Vodafone boss Vittorio Collao thinks the carrier needs to become "faster" in general -- faster to respond to customer needs, competitor initiatives, and opportunities. Pity, that; they were beaten to the Turkish 3G spectrum by...Turkcell. In other operator news, the Bell Canada LBO has fallen through, and the FT thinks this is nothing but good news.

We're very keen on integrated video distribution, and CPE as a competitive edge for fixed operators. (It's not just those crazy Telco 2.0 guys, either.) Here's some news which combines the two: TiVo users can now control the gadget from a mobile-optimised Web site. We're also very keen on Voice & Messaging 2.0, but far from keen on IMS; so here's a story with both. Mobile VoIP developers Fring will be speaking tomorrow at the IMS World Congress about their tie-up with Mobilkom Austria.

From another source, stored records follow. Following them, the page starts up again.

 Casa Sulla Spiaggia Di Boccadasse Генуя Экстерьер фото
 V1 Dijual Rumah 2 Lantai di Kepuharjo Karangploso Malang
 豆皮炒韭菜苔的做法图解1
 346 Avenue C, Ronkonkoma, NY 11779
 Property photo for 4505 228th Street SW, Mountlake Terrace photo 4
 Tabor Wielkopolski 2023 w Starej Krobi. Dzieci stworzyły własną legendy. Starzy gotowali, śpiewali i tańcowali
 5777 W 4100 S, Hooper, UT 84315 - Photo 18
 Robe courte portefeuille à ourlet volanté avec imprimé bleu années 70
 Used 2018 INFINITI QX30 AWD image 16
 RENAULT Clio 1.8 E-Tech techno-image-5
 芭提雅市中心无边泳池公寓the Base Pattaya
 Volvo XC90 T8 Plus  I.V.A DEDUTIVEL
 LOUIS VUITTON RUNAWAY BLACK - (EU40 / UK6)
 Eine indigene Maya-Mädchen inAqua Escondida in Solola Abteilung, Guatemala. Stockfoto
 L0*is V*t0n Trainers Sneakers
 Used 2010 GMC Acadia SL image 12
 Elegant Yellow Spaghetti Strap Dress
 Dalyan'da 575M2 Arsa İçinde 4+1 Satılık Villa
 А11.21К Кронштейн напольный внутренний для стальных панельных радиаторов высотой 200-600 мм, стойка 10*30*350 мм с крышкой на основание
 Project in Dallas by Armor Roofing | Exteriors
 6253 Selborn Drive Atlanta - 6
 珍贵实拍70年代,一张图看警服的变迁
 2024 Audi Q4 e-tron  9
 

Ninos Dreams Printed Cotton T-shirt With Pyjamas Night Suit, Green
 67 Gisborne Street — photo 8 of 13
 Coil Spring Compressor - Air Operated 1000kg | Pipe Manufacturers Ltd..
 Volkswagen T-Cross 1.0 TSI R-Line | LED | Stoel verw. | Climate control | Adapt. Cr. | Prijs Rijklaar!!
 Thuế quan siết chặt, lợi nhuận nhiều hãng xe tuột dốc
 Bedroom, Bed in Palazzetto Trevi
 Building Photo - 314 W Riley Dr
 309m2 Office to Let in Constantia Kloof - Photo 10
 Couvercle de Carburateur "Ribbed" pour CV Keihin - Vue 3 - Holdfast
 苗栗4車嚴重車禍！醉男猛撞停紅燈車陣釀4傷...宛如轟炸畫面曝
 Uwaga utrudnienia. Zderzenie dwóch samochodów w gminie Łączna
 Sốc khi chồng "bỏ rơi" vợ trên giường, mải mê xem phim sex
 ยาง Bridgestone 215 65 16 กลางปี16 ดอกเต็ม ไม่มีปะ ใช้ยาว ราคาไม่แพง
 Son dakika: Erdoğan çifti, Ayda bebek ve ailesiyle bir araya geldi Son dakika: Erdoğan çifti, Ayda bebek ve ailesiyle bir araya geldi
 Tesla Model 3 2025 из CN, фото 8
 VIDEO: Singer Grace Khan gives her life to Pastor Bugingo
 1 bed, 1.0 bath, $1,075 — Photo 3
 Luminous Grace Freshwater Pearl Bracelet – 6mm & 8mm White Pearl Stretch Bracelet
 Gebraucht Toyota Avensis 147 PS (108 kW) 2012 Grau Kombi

UK WiMAX is a-coming, it seems, with a focus on cheaper symmetrical connections for small businesses. It'll have to do until the fibre shows up. Meanwhile in Australia, they're getting ready to do the job. There is some good news for UK ISPs, however: BT is cutting its backhaul pricing sharply. Not so good if you're a BT shareholder.

And finally: can you tell a Node-B from a real tree? We think it would have made better sport if some of the photos didn't show the various green monster equipment boxes and fencing around them.